TN Ninan has a very thought-provoking work here, where he studies the political economy of reforms. He argues that the reforms introduced have caused little pain as such and have been calibrated and incremental, which is quite true. More interestingly, he has brought to the fore the fact that reforms that have been carried out have had no political backlash. This is probably the right way of looking at reforms because, given that we are a democracy and that the population is large, reforms can never be thrust from above and people have to be taken along, a fact missed by critics, who often seem to be in a hurry to see more action all the time. A similar conclusion is also drawn by Harsha Vardhana Singh when he writes on trade reforms, where he avers that all the changes were made without any major disruption.
There is a section on governance where Sarwar Lateef argues that where India has suffered is on the institutional front, where they have failed to keep pace. Here, he has some interesting data to present on the Parliament and Election Commission, and highlights the criminal background of the MPs. Related to such elections, he also takes a swipe at the civil service, which, he says, has become subservient to the political forces and can’t operate independently. This has to change. The same holds for the police, as well as judiciary, he writes.
YV Reddy has a well-analysed piece on Centre-state relations and concludes that the relations have been better progressively. With this prelude, one can move over to Laveesh Bhandari’s analysis of the same issue, which again supports Reddy’s view. States have not been mere spectators or beneficiaries of the Centre, but have played a positive role by adapting to the new environment.
Another well-placed article after the role of states is a brilliant piece by Ashok Gulati on agriculture. There is evidently a lot of work to be done here and his four-point agenda includes the following. First, growth has to be inclusive and touch all farmers with less than two hectares of land. Second, farming has to be become economically viable or else will lose its froth. Third, we need to address the issue of environment sustainability, as the pressure has increased on both land and water over the years with some serious repercussions. Last, farming has to become globally competitive.
There are sectoral essays by Baba Kalyani, Vikram Mehta and a detailed treatise on infrastructure by Vinayak Chatterjee. His conclusion is that the private sector can’t be looked upon to provide capital unless we are able to put in place enabling institutions, laws and processes to put capital to good use. In the course of this discourse, he discusses in some depth the issue of PPP and gets into the reasons as to why it has not quite worked out.
The section on human development has articles by the likes of Nachiket Mor and Devesh Kapur, which are quite incisive. The financial sector is well evaluated by C Rangarajan, who is probably one of the best in the field, and Deepak Parekh, who is an expert on the subject of housing finance. The last part on corporate India has essays by Mukesh Ambani, Naushad Forbes, Gita Piramal and Rama Bijapurkar, which make for engaging reading.

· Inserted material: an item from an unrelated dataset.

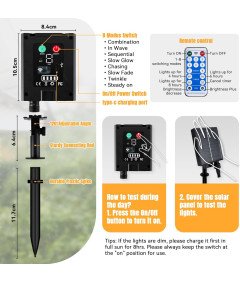 Lampki Solarne Girlanda 10m 65 Diod Kule LED 8 Trybów Wodoodporne IP65
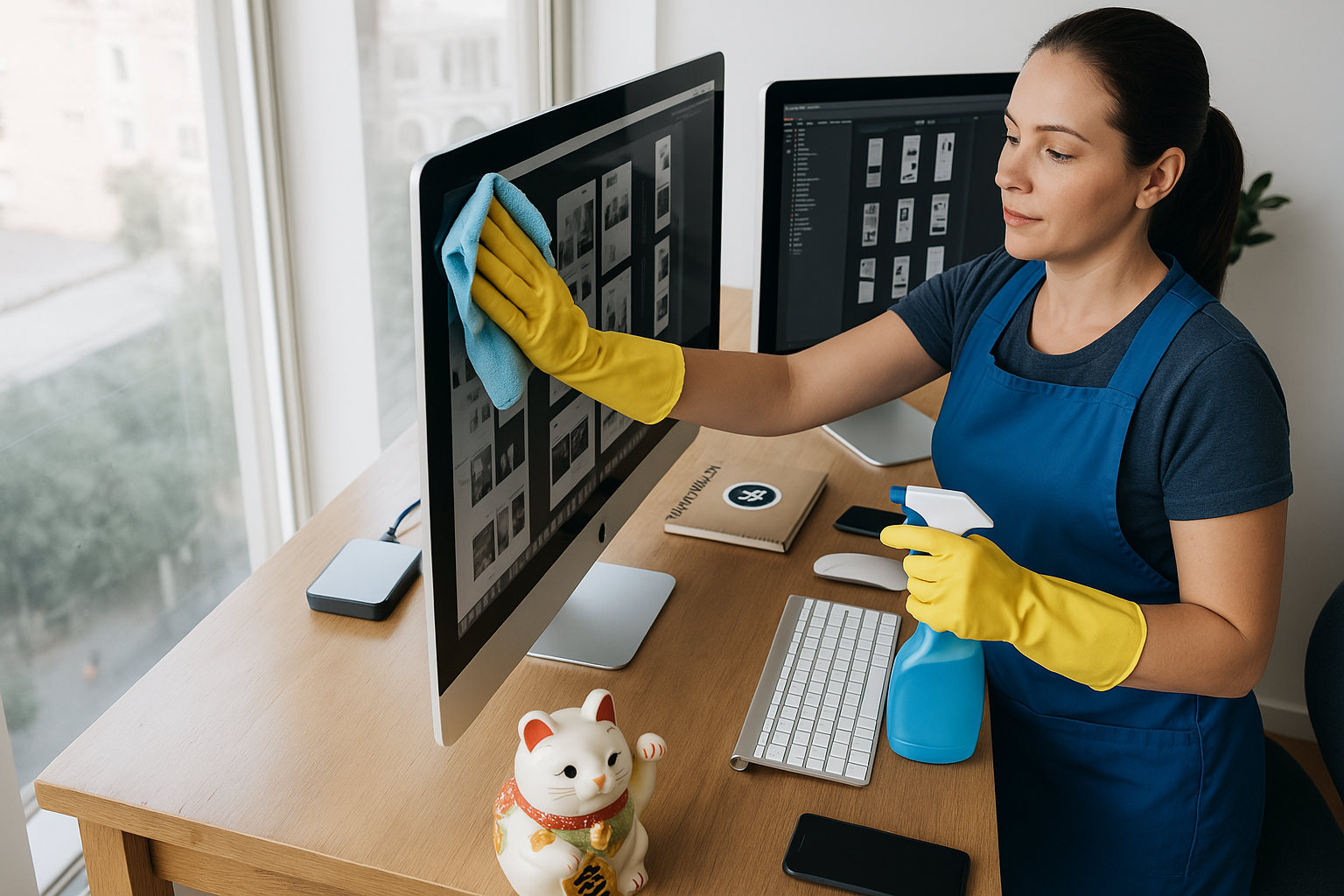 Gereinigter Arbeitsplatz nach der Unterhaltsreinigung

Having successful people present their views on various aspects of business is like hearing the story from those who have made it big and can’t be contested.
On the whole, this book should interest all kinds of readers. The author writes with his usual flair, which is quite droll, especially when he narrates anecdotes of how bureaucrats and ministers loathed change just because of limited understanding of reforms. However, there does not appear to be any criticism of reforms in terms of what has not been done or why growth has not created jobs commensurately or why there are still many poor people in the country. Hence, one may not get a balanced view on reforms and will not be able to reconcile reality with the image of successful reforms.